(DATA EXCERPT begins)

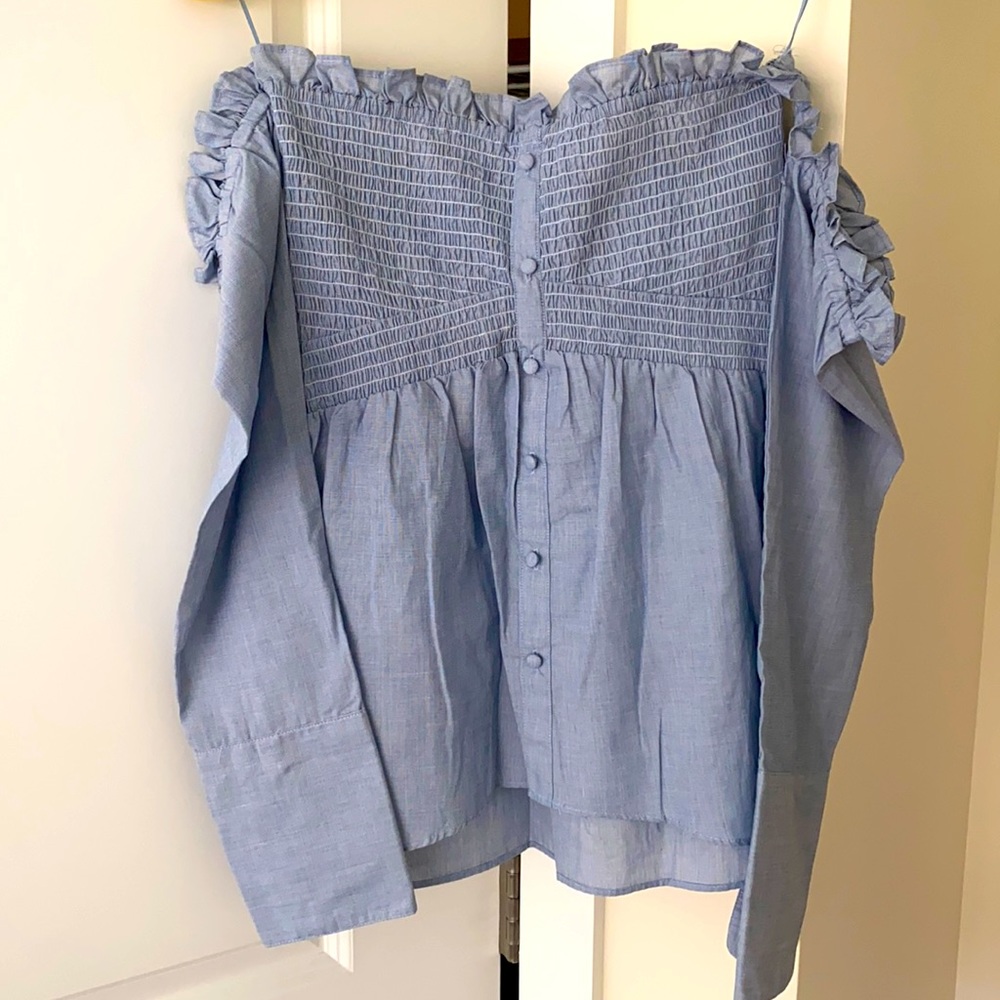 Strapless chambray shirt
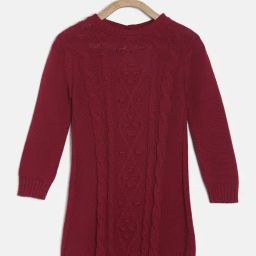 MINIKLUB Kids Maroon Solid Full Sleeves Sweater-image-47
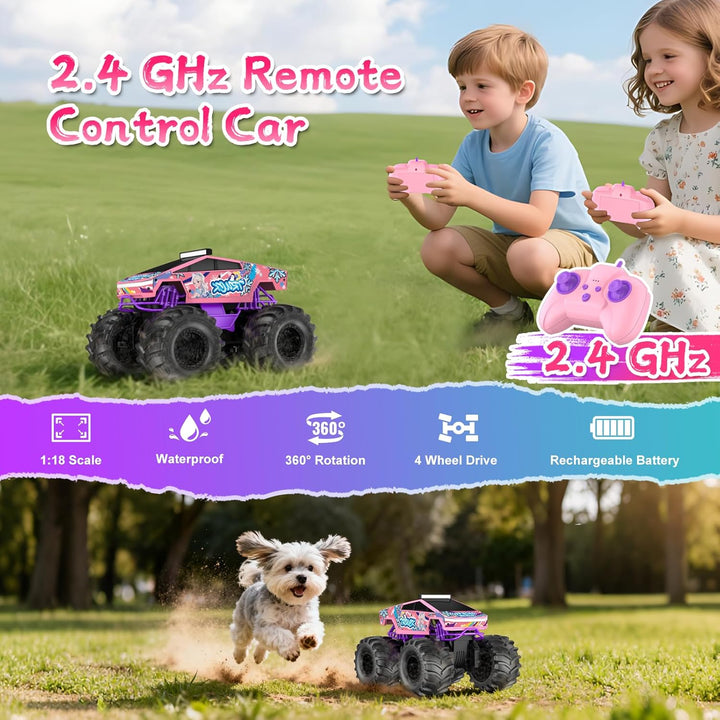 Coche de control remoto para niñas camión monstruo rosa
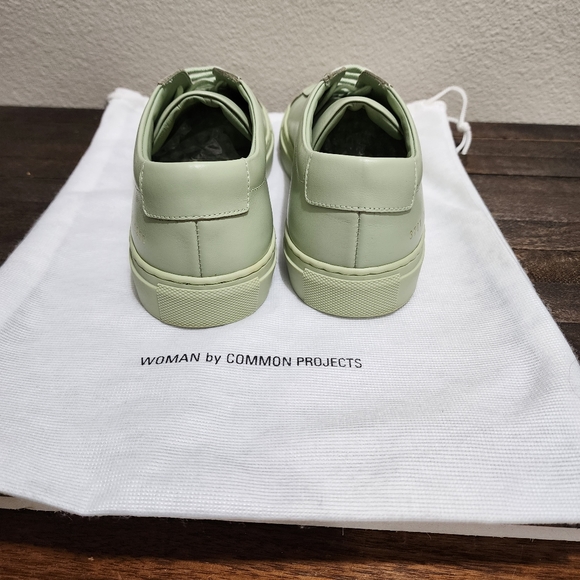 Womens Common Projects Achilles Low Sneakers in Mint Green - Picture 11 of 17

(DATA EXCERPT ends)

** TASK REQUIREMENTS **
Copy exactly the lines that run from the line containing "MINIKLUB Kids Maroon" to the end of the data above, keeping both end lines and leaving out all pictures.

** ANSWER SPACE **
 MINIKLUB Kids Maroon Solid Full Sleeves Sweater-image-47
 Coche de control remoto para niñas camión monstruo rosa
 Womens Common Projects Achilles Low Sneakers in Mint Green - Picture 11 of 17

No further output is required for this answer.